T.A.K. appeals a disposition order withholding adjudication of delinquency for the offense of trespass in an unoccupied conveyance and placing him on juvenile probation. Because the State failed to prove that T.A.K. knew or should have known that the car the police found him in was stolen, we reverse the disposition order and remand for an order of dismissal.
The State presented the following evidence. The owner of the stolen vehicle woke up to find her car missing. The victim did not give T.A.K. or anyone else permission to be in her car.
The car was tracked to an apartment building by use of the car's OnStar system and was found backed into a parking space. When Officer Stanek initially approached the car, she saw one male who was reclining in the driver's seat, but she could not identify the person. She used the victim's extra key to lock the car doors before approaching the car. No one entered or left the car while she and Officer Damon were observing it. While she did *561see movement in the vehicle, when the officers made contact no one was in the driver's seat.
Officer Stanek approached the passenger side, found L.R. in the front passenger seat, and ordered him out of the car at gunpoint. Officer Damon opened the driver's door and saw T.A.K. lying on the floor "squished" down "[i]n between the two back seats." When Officer Damon opened the door, T.A.K. was awake and was looking at the officer. He was cooperative. The keys were found in the center console next to L.R., and the car had no damage that would indicate it had been stolen.

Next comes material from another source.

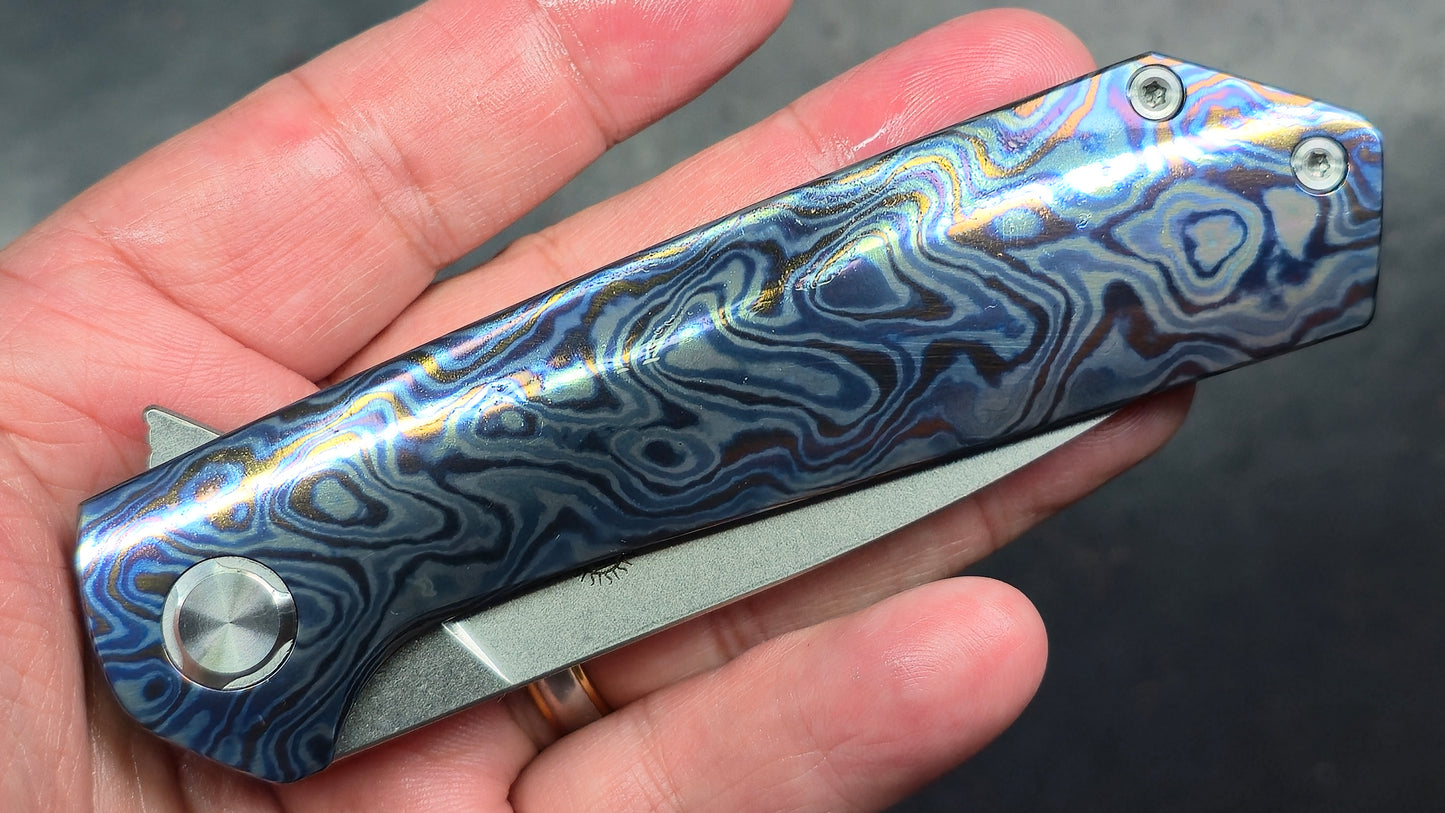 TWOSUN TS223 Timascus TITANIUM DAMASCUS HANDLE M390 (NEW)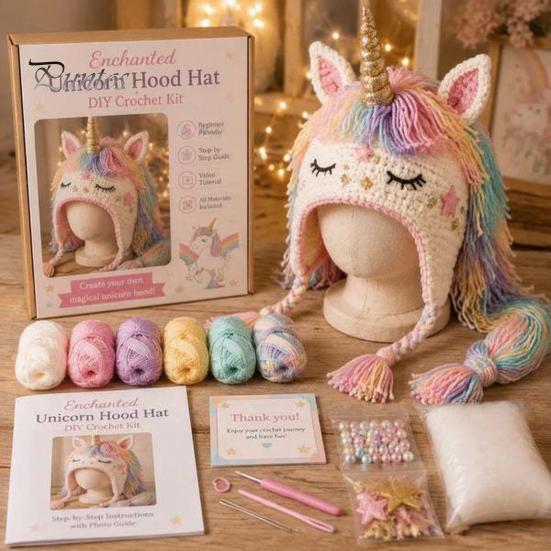 Handmade Fantasy Headwear Hood Crochet Kit, Cute Animal Hat DIY Dragon Unicorn Cat Ear Knitting Project Skull Earflap Craft Kit for Adults, Halloween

T.A.K. moved for a judgment of dismissal at the end of the State's case and argued that the State had failed to prove that he knew or should have known the car was stolen. The trial court stated that the officers saw "movement within the vehicle but no one exited" and that "the position that [T.A.K.] was found to be laying in awake is not one the court customarily finds people position themselves in the vehicle when using it in an appropriate way." The trial court further found "that the positioning in the car, laying in the car, parked in an area, all of these things are unconventional, unusual ways of using the vehicle if in fact using it a lawful way." The court denied the motion.

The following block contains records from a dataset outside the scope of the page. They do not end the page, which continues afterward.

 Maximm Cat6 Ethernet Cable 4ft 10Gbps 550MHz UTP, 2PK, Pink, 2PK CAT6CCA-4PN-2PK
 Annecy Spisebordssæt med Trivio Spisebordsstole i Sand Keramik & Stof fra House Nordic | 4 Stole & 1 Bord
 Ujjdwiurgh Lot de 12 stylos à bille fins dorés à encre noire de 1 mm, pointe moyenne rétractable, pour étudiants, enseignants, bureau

Our review of the denial of a motion for judgment of dismissal is de novo, and we consider the evidence in the light most favorable to the State. A.L.H. v. State, 205 So.3d 782, 783 (Fla. 2d DCA 2016). A judgment of dismissal is proper if the State fails to present sufficient evidence to establish a prima facie case. Fla. R. Juv. P. 8.110(k) ; E.A.B. v. State, 851 So.2d 308, 310 (Fla. 2d DCA 2003). Sufficient evidence to support an adjudication exists when "a rational trier of fact could find that the elements of the crime have been established beyond a reasonable doubt." K.W. v. State, 983 So.2d 713, 715 (Fla. 2d DCA 2008) (quoting E.A.B., 851 So.2d at 310 ). In reviewing the denial of a motion for judgment of dismissal at the end of the State's case, we recognize that a juvenile's testimony given later during the defense case is not before the trial court "and cannot satisfy the State's burden of proof." E.A.B., 851 So.2d at 310 (citing Fla. R. Juv. P. 8.110(k) ).
The delinquent act of trespass of a conveyance requires that the trespass be willful. See § 810.08(1), Fla. Stat. (2016) ; A.L.H., 205 So.3d at 783. When the conveyance is a stolen vehicle, for the trespass to be willful the State must prove that a passenger in the vehicle knew or should have known that the vehicle was stolen. A.L.H., 205 So.3d at 783 ; A.H. v. State, 151 So.3d 48, 50 (Fla. 4th DCA 2014). Evidence that a person who was in a stolen vehicle fled from law enforcement is, by itself, insufficient to prove the knowledge element. E.A.B., 851 So.2d at 310 ; A.H., 151 So.3d at 50 ; D.L. v. State, 138 So.3d 499, 501 (Fla. 3d DCA 2014).
Here, the keys to the car were found in the center console next to L.R., and the car had no damage indicating that it had been stolen. Taken in the light most favorable to the State, a reasonable interpretation of T.A.K.'s position in the car when he was found is that he was hiding. For the purpose of analyzing whether an individual has knowledge of whether a vehicle is stolen, we cannot make a meaningful distinction between fleeing from a stolen vehicle and hiding in the back seat of a stolen vehicle. Had T.A.K. left the back seat and fled upon the officers' approach, that evidence would be insufficient to prove that he knew or should have known that the car was stolen. Of course, just as there are many reasons why a juvenile might flee from law enforcement, those *562reasons would apply to hiding as well. If fleeing is insufficient to establish the knowledge element, then so too is hiding.
Because the State failed to present sufficient evidence that T.A.K. knew or should have known the car was stolen, the trial court should have granted the motion for judgment of dismissal. See Fla. R. Juv. P. 8.110(k). Therefore, we reverse the disposition order withholding adjudication and placing T.A.K. on juvenile probation and remand for an order granting his motion for judgment of dismissal.
Reversed and remanded.
KELLY and ROTHSTEIN-YOUAKIM, JJ., Concur.